Since visiting Berlin in 2013, Patricia knew the city would one day be her home, but it wasn’t until 2018 when she was in town for the natural wine fair RAW, that she saw firsthand how the city’s gastronomy industry had transformed into something thrilling. She shot off emails to several wine bars, restaurants, and shops around the city, before getting an internship offer from natural wine shop Viniculture. But gastronomy beckoned and it was hard to ignore.
“I wanted to have more interaction with guests and see their eyes light up when they tasted the wine. It’s different from selling someone a bottle versus watching them take that first sip.“
After a quick stint at the now-shuttered Palsta, Patricia started at Hallmann & Klee in February 2020. “It was the first time I got to have full control over all pairings and the beverage program.” And when allowed to truly, for the first time in her career, soar, that’s exactly what she did.

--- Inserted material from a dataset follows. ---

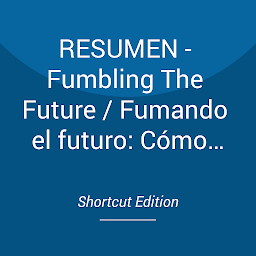Obraz ikony: RESUMEN - Fumbling The Future / Fumando el futuro: Cómo Xerox inventó, y luego ignoró, el primer ordenador personal Por Robert C. Alexander y Douglas K. Smith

“Hallmann & Klee became a place where I was able to spread my wings and experiment and push myself. I have free reign to do what I want and I’m especially thankful to [Hallmann und Klee co-owner] Sarah Hallmann for giving me that opportunity. We’re constantly talking about how to reinvent ourselves and how to push ourselves to be better.” This level of dedication has propelled Hallmann & Klee from a neighborhood brunch spot to a casual fine-dining bright spot in the Berlin gastronomy scene.

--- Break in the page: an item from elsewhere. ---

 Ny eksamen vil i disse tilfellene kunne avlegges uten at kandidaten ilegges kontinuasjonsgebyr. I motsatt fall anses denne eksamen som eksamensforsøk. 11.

And that experience trickles out to the entire Hallmann & Klee team and thus to the guests.
Patricia was always enthusiastic about tasting and describing wine, but the last few years of overseeing Hallmann & Klee’s beverage program has instilled in her a newfound sense of confidence. “Of course, self-doubt happens, but at this point, I can say I trust my palate. I know what I taste. I know what I’m smelling. I know what I’m tasting.”
The perception of natural wine is evolving…gone are the days when natural wine is synonymous with bottles that pros would consider flawed. And for Patricia, that’s one of the many formidable changes happening in the wine industry. She’s also noticed more women and increased accountability in the industry, as well as guests and other gastronomy professionals observing healthier drinking patterns – less drinking and more enthusiasm over alcohol-free pairing options. But the main change is that sommeliers are more aware of climate change than ever; they’re asking winemakers questions to determine their sustainability level while climate change is making it more difficult to predict what a wine might be like.

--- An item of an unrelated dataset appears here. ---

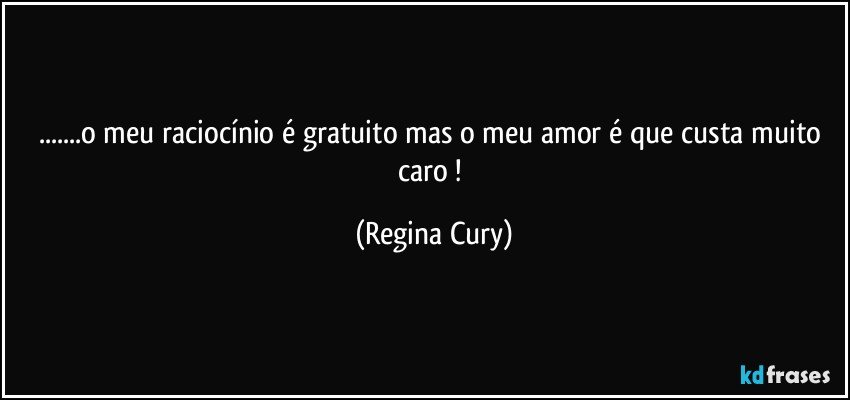 ...o meu raciocínio é gratuito mas o meu amor é que   custa muito caro ! (Regina Cury)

“If it’s a hot summer, they have to harvest those grapes mid-August so they don’t get too ripe. But if a grape ripens too fast, there’s still a greenness to it. So it also means the winemakers have to guess. Instead of having a norm, a set standard, they’re like, If you harvest early, then maybe the acidity has not had time or the sweetness has not had time, or the tannins, or the fact that some things are off balance.
Taking a step back from drinking has allowed Patricia to be even more discerning at tastings and think about the wine world with a critical lens. If Patricia had it her way, we’d focus on remarkable wine, instead of worshiping certain producers and over applauded regions. “It makes me sad that we can’t just close our eyes and not think about where the wine comes from. We should just taste the wine itself and really respect it for what it is versus where it came from.”
Those opting for temperance, whether for the evening or long term, can choose Hallman & Klee’s alcohol-free pairing, which is maintained by restaurant manager, Janine Woltaire. Abstaining, after all, isn’t about giving up, but gaining. “It was a personal choice. It’s something I had been thinking about. I’m not one to preach to anyone about the benefits of not drinking. Anyone can Google that, but I feel great. And now that feeling of being buzzed is something I don’t need to socialize.”
And for Patricia, the opportunity to continue doing what she loves, while feeling better is a bonafide boon. Her philosophy, that wine should be approachable, not scary, and is best served with good food and great friends, is one she stands by.
It’s just fermented grape juice, after all.